I've run into a problem where I need to repartition an existing topic (source
) to a new topic (target
) with a higher number of partitions (a multiple of the number of previous partitions).
The source
topic was written to using Spring Cloud Stream using the Kafka Binder. The target
topic is being written to using a KStreams application.
The records in the source
topic were being partitioned based on a header, with key=null
. I tried to explicitly extract this header and set a message key for records in the target
topic, and noticed that records with the same partition key were landing in completely different partitions.

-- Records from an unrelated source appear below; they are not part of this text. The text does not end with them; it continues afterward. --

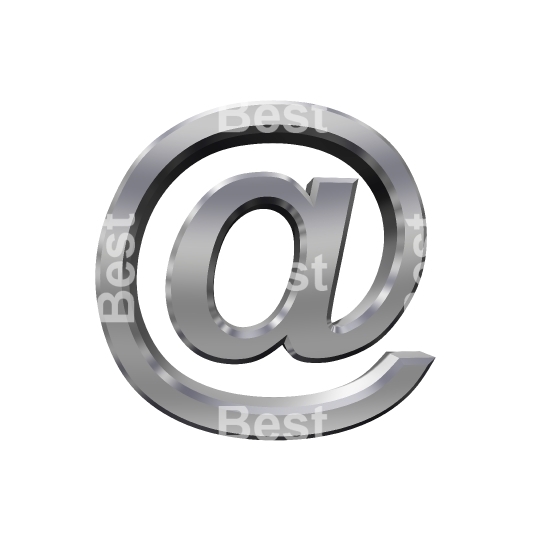 Chrome e-mail sign isolated on white. 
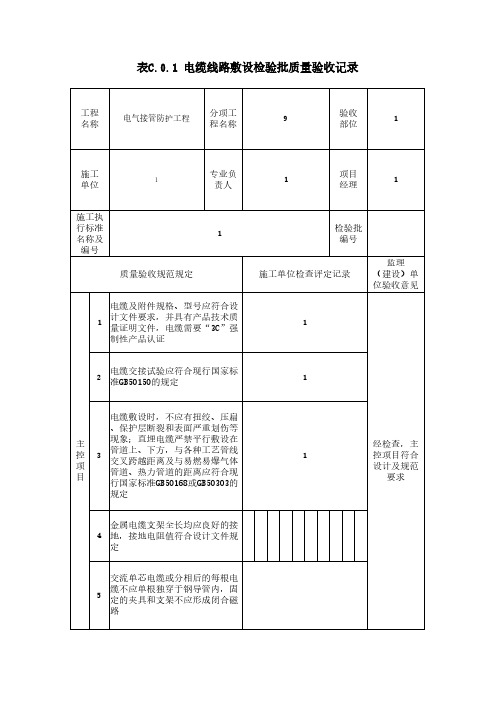 电缆线路敷设检验批质量验收记录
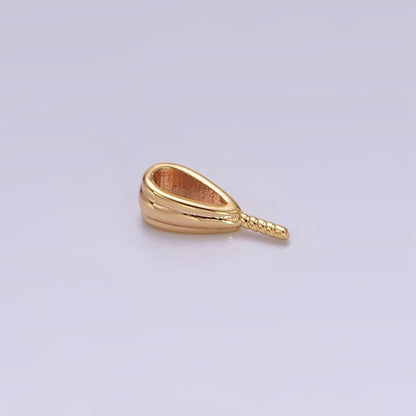 16K Gold Filled Triple Line Textured Drill Peg Bail Jewelry Making Findings Supply | Z-500
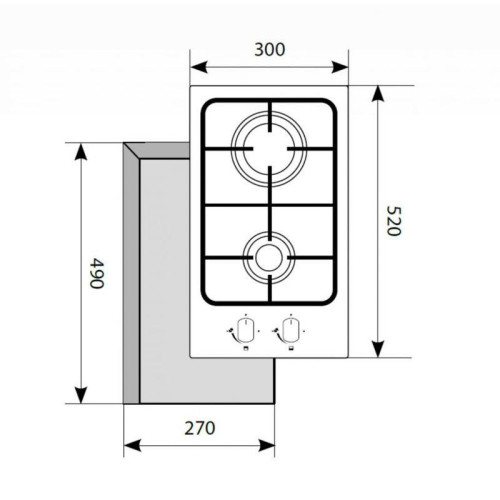 Газовая варочная поверхность/ Газовая варочная поверхность Lex GVS 320 IX нержавеющая сталь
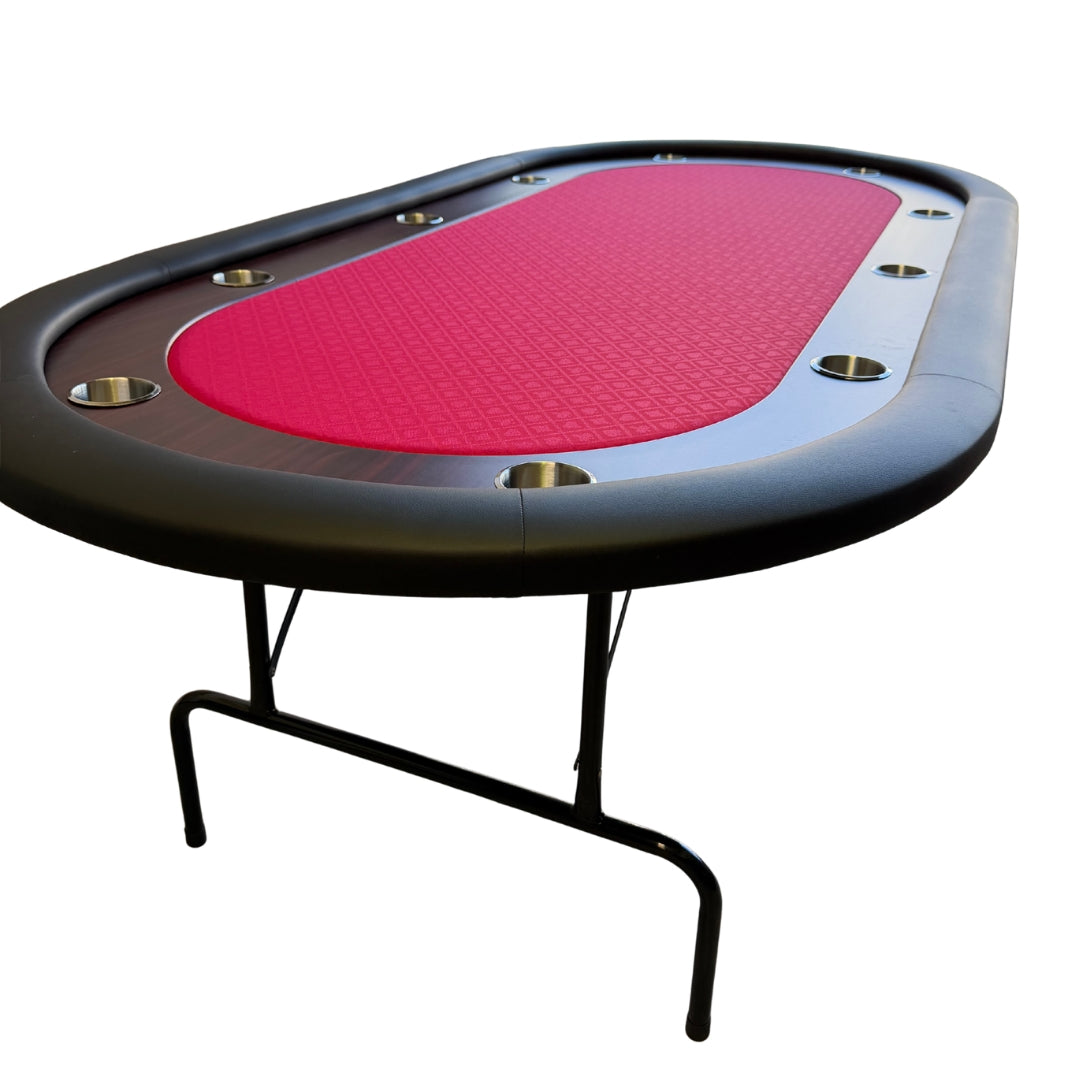 10 Player Folding Poker Table with Red Felt & Padded Rail - Professional Casino Style Game Table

After some investigation, I've found the culprit to be the following:
org.springframework.cloud.stream.binder.PartitionHandler.DefaultPartitionSelector
private static class DefaultPartitionSelector implements PartitionSelectorStrategy {
@Override
public int selectPartition(Object key, int partitionCount) {
int hashCode = key.hashCode();
if (hashCode == Integer.MIN_VALUE) {
hashCode = 0;
}
return Math.abs(hashCode);
}
}
org.springframework.cloud.stream.binder.PartitionHandler
public int determinePartition(Message<?> message) {
// ... non relevant code omitted
partition = this.partitionSelectorStrategy.selectPartition(key,
this.partitionCount);
// protection in case a user selector returns a negative.
return Math.abs(partition % this.partitionCount);
While the default Kafka partitioning strategy does:
org.apache.kafka.clients.producer.internals.DefaultPartitioner
public int partition(String topic, Object key, byte[] keyBytes, Object value, byte[] valueBytes, Cluster cluster,
int numPartitions) {
if (keyBytes == null) {
return stickyPartitionCache.partition(topic, cluster);
}
// hash the keyBytes to choose a partition
return Utils.toPositive(Utils.murmur2(keyBytes)) % numPartitions;
}
In essence, using something other than Spring Cloud Stream would never allow co-partitioning with a topic written to by a non Spring Cloud Stream App, unless a custom Partitioner is used (not too difficult to do).
It should be noted, however, that the above DefaultPartitionSelector
is not located in the Kafka Binder module, but in the higher-level spring-cloud-stream
module.
What is the reasoning for this design choice? I imagine the default partitioner applies to all binders, not just Kafka, but why does the Kafka Binder not implement and its own Partitioner that allows out-of-the-box co-partitioning with non-Spring Cloud Stream apps by default?